■ **Description of the task**: All the data should be repeated exactly. Any image in it is left out.

■ **Data supplied**:
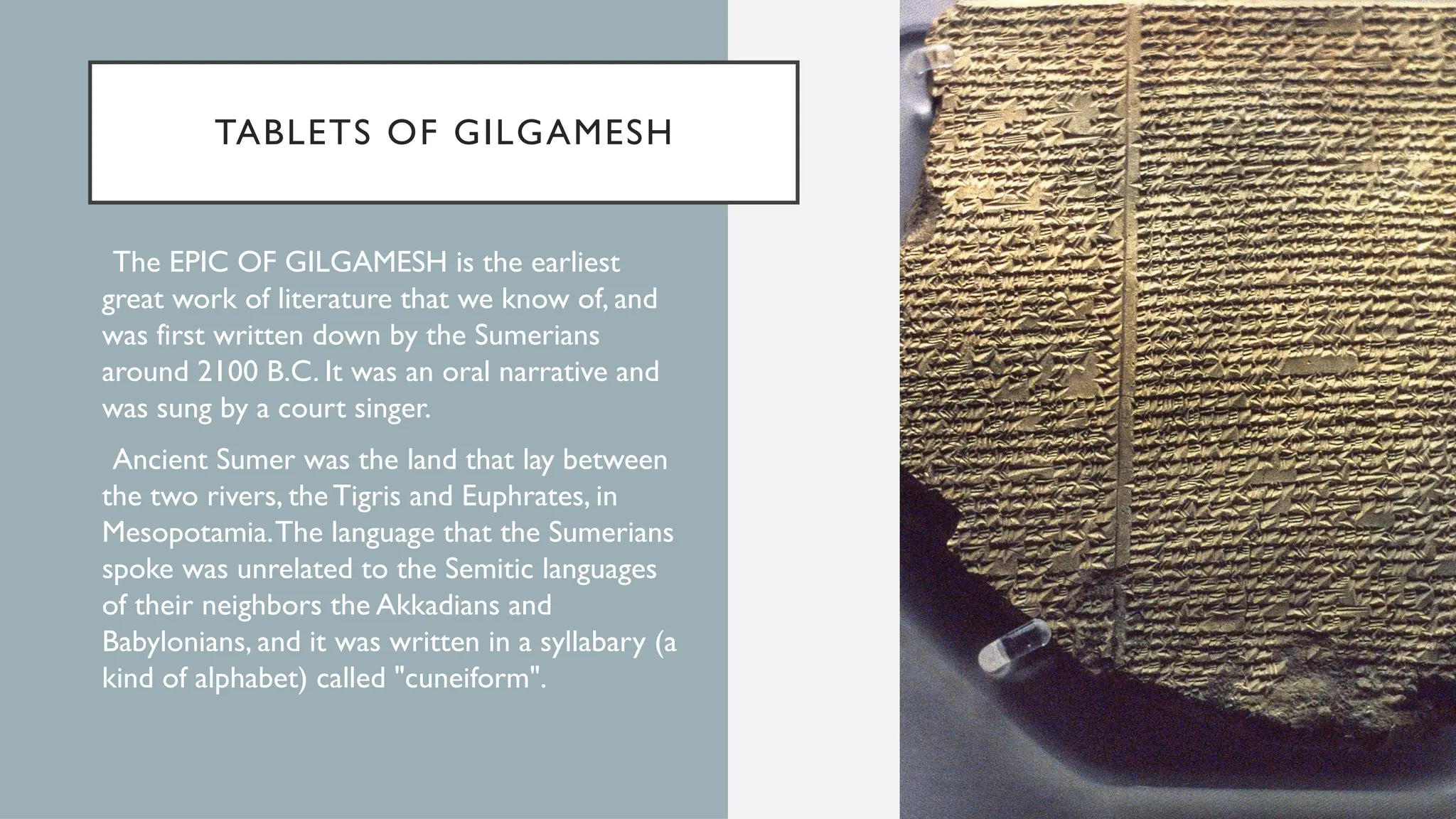 The Epic of Gilgamesh and ancient literature | PPTX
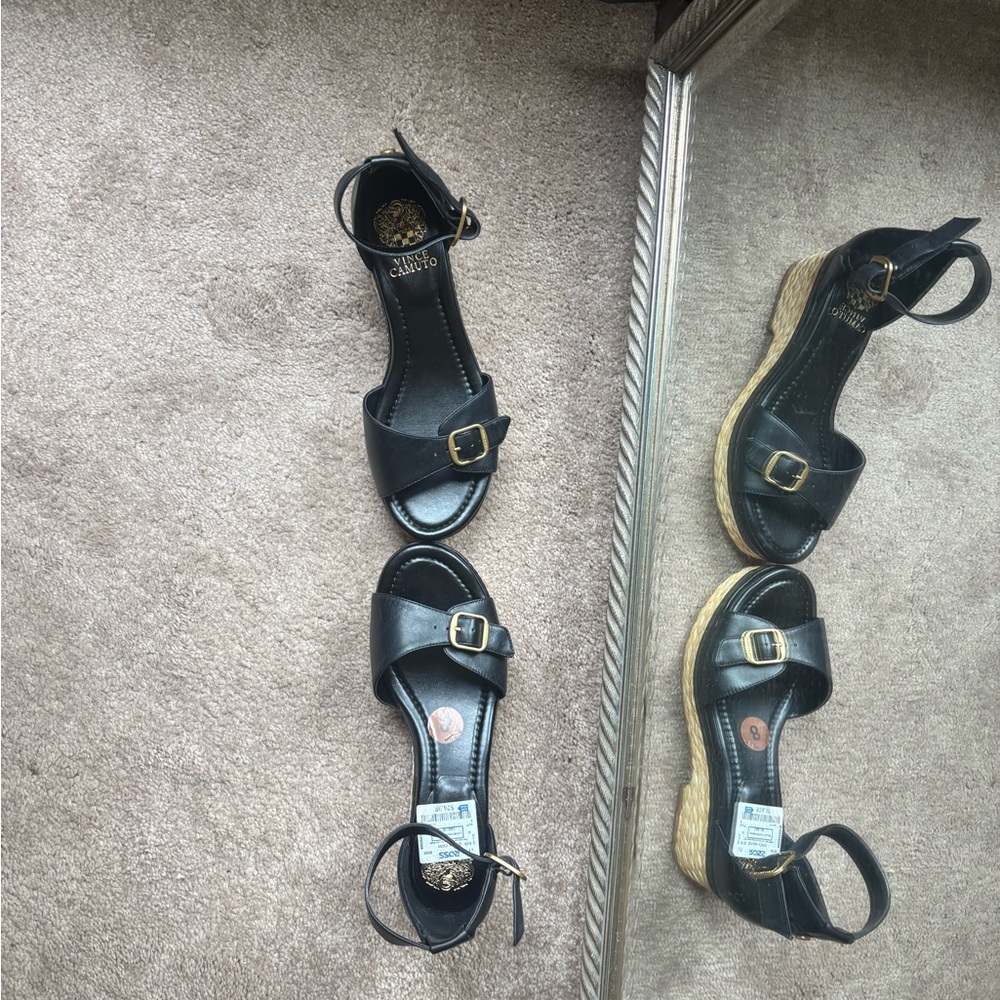 Vince Camuto Black Wedges with Gold Accents - Picture 5 of 5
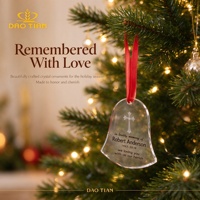 Fournisseur en gros d'ornements clochettes en cristal K9 avec logo personnalisé gravé au laser, décorations suspendues pour sapin de Noël, cadeaux commémoratifs de fêtes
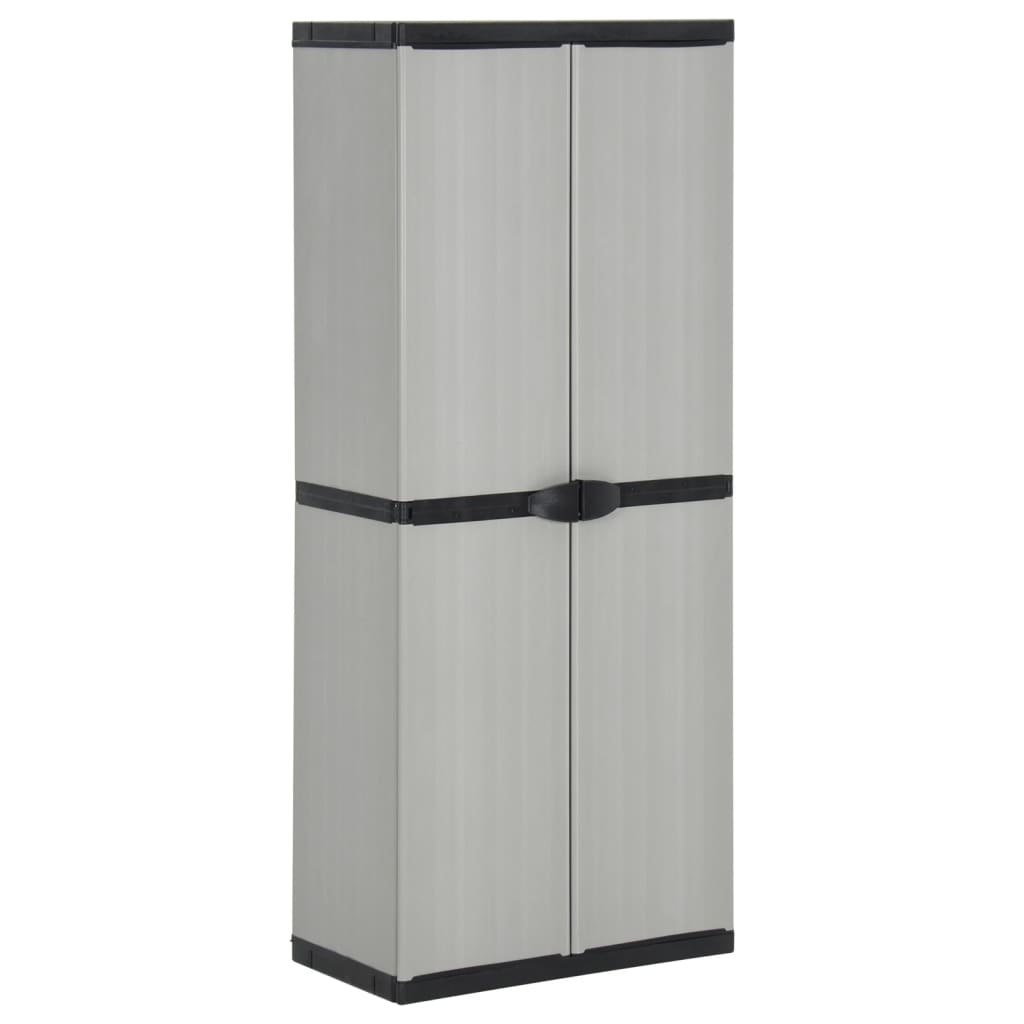 Garden Storage Cabinet With 3 Shelves Grey&Black 68X40X168 Cm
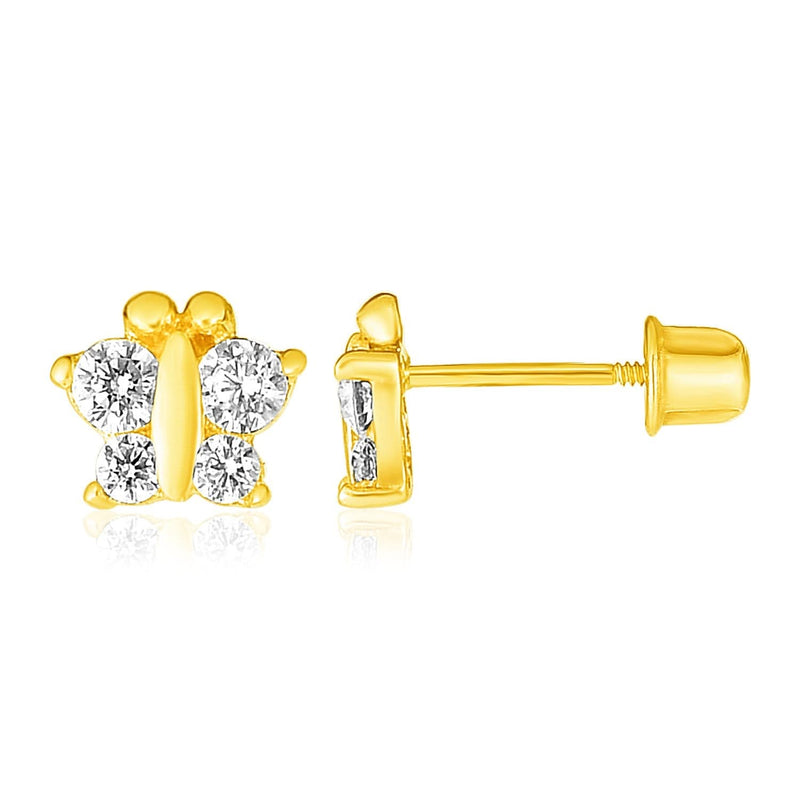 14k Yellow Gold Butterfly Childrens Earrings 14K yellow gold butterfly children's earrings with polished open wings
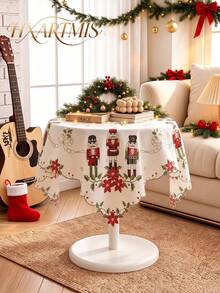 HXARTMIS 1PC Christmas Decor New Arrival, Beige Santa Claus Embroidered Square Tablecloth, Scalloped Edge Holiday Table Cover, Suitable For Christmas Home Decor, Christmas Gifts, Christmas Table Decoration - Beige - View 1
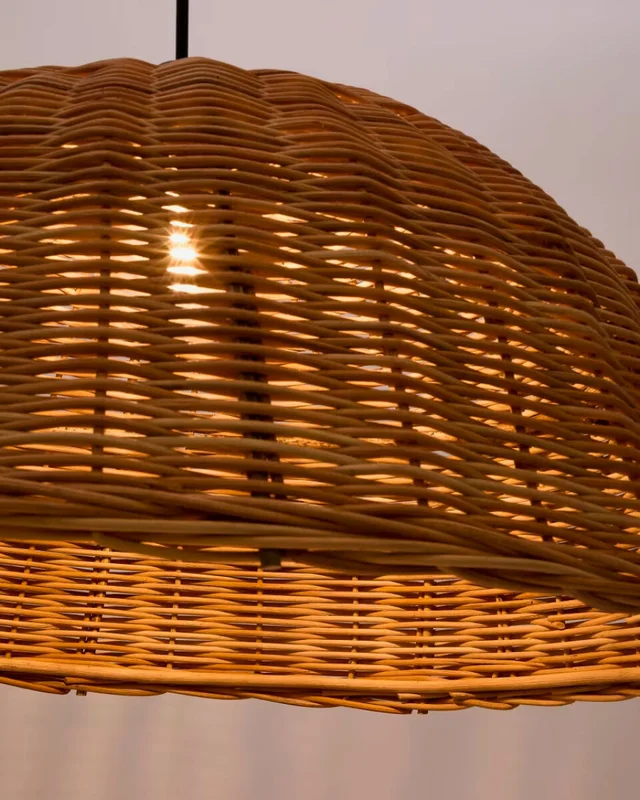 Pantalla para lámpara de techo Jornets de ratán con acabado natural Ø 80 cm en Madera natural - Muebles para el exterior, Uruguay | Kavehome, vista 3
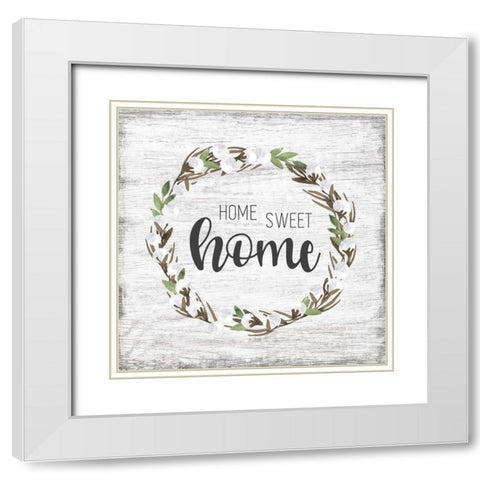 Cotton Wreath White Modern Wood Framed Art Print with Double Matting by Carpentieri, Natalie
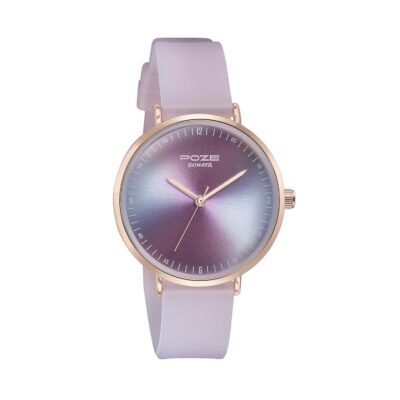 Sonata Poze Quartz Pink Dial Pink Leather Strap Analog Watch for Women-SP80090WP01W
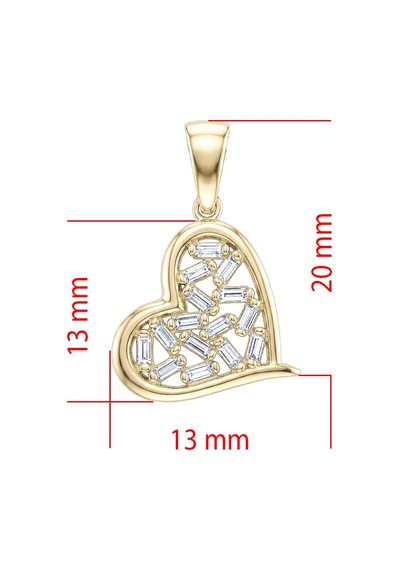Baget Heart Kolye Ucu Sarı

■ **Answer space**:
 The Epic of Gilgamesh and ancient literature | PPTX
 Vince Camuto Black Wedges with Gold Accents - Picture 5 of 5
 Fournisseur en gros d'ornements clochettes en cristal K9 avec logo personnalisé gravé au laser, décorations suspendues pour sapin de Noël, cadeaux commémoratifs de fêtes
 Garden Storage Cabinet With 3 Shelves Grey&Black 68X40X168 Cm
 14k Yellow Gold Butterfly Childrens Earrings 14K yellow gold butterfly children's earrings with polished open wings
 HXARTMIS 1PC Christmas Decor New Arrival, Beige Santa Claus Embroidered Square Tablecloth, Scalloped Edge Holiday Table Cover, Suitable For Christmas Home Decor, Christmas Gifts, Christmas Table Decoration - Beige - View 1
 Pantalla para lámpara de techo Jornets de ratán con acabado natural Ø 80 cm en Madera natural - Muebles para el exterior, Uruguay | Kavehome, vista 3
 Cotton Wreath White Modern Wood Framed Art Print with Double Matting by Carpentieri, Natalie
 Sonata Poze Quartz Pink Dial Pink Leather Strap Analog Watch for Women-SP80090WP01W
Baget Heart Kolye Ucu Sarı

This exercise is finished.